Over the last decades, home appliances have delivered increasingly higher efficiency standards, not only at the user phase. Circularity, in fact, is enhanced throughout all the life stages of a device: it starts with raw materials followed by the design of the product, through production, use and consumption, repair, and recycling. At this latter stage, recycled waste is injected back into the economy as a secondary raw material and the cycle begins again. In a circular economy, products serve their purpose for as long as possible and then are turned into other home appliances or different tools including benches or bicycles, continuing to offer a service to users. There are a variety of ways to drive resource efficiency and manufacture sustainable products that advance the circular economy: targeting at-source material efficiency, for instance by reducing the quantity of material used in the creation of products, increasing the efficiency of products during their use phase, using more sustainable materials, designing for durability and repair as well as for recovery. Moreover, a whole new range of sustainable alternatives such as product-as-service models and digital solutions, for instance, are underway and can contribute to a better quality of life, innovative jobs and upgraded knowledge and skills. These new sustainable goods, services and businesses, together with traditional sales models, can contribute to foster more sustainable consumption patterns.

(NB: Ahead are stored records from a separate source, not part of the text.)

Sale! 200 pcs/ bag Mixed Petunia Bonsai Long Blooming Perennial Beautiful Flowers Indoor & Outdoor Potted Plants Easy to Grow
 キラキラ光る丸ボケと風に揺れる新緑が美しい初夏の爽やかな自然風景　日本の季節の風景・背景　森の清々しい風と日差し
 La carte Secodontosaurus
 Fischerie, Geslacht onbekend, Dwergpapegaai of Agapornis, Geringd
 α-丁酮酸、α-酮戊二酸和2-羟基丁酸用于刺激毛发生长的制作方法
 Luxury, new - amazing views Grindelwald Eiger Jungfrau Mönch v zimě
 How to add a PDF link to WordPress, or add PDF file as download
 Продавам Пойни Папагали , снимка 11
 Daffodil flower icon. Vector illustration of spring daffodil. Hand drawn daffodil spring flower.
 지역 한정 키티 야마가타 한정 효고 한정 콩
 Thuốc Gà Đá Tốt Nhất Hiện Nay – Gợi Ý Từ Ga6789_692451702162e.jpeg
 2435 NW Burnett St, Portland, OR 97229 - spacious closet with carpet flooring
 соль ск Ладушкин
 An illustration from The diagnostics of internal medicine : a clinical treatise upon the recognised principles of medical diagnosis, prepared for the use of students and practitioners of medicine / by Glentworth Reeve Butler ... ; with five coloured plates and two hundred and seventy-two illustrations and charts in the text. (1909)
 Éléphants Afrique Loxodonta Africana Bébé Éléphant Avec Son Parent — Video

Long lasting products reduce resource consumption and waste. Product durability is a key aspect to consider, it is a central element of Europe’s approach towards circularity, and it is fully supported by the home appliance sector. It is also in the interest of manufacturers to sell products that last, as their brand reputation could be at stake. Therefore, enhancing products’ durability is a desirable goal for all.
With regards to the repair phase, home appliances are repairable today. According to data collected from the membership of APPLiA – a Brussels-based trade association that provides a single, consensual voice for the home appliance industry in Europe – 91% of requests to manufacturers for a repair of a product resulted in an actual repair in 2018. In this context, consumer protection and safety are key elements for maintaining trust with consumers and not to jeopardize efforts for implementation of the circular economy. It is not enough for a product to be repaired; it must be repaired right. In fact, the repair of products needs appropriate technical skills that most consumers or non-professional repairers do not have. If an appliance is not properly repaired, and safety testing procedures are not respected, consumer safety within the home could be indeed compromised.
A circular culture
At the recycling stage, there are gaps to be closed. Today, 90% of the materials coming from the officially collected appliances, when they have reached their end of life, are recovered, recycled and ready to enter again into manufacturing loops. For this to happen all waste would need to be effectively tracked and reported. However, two-thirds of precious resources remain undocumented and is not coming back into material loops as secondary raw material, making it unclear how this waste is collected and thereafter treated. The waste market should set the right requirements ensuring that all waste is correctly collected, reported, and treated, providing a sufficient competitive economic environment for all involved actors.
All of this builds up what APPLiA calls a “circular culture”. Achieving it entails a circular process as applied through all the life stages of appliances. With the purpose of facilitating its implementation, APPLiA has developed a main website for the public, providing several supportive information and guiding EU citizens through the product’s lifecycle, building upon concrete data. With this culture are the heart of its processes, the Association continues to play an active role in making products placed on the EU market more sustainable.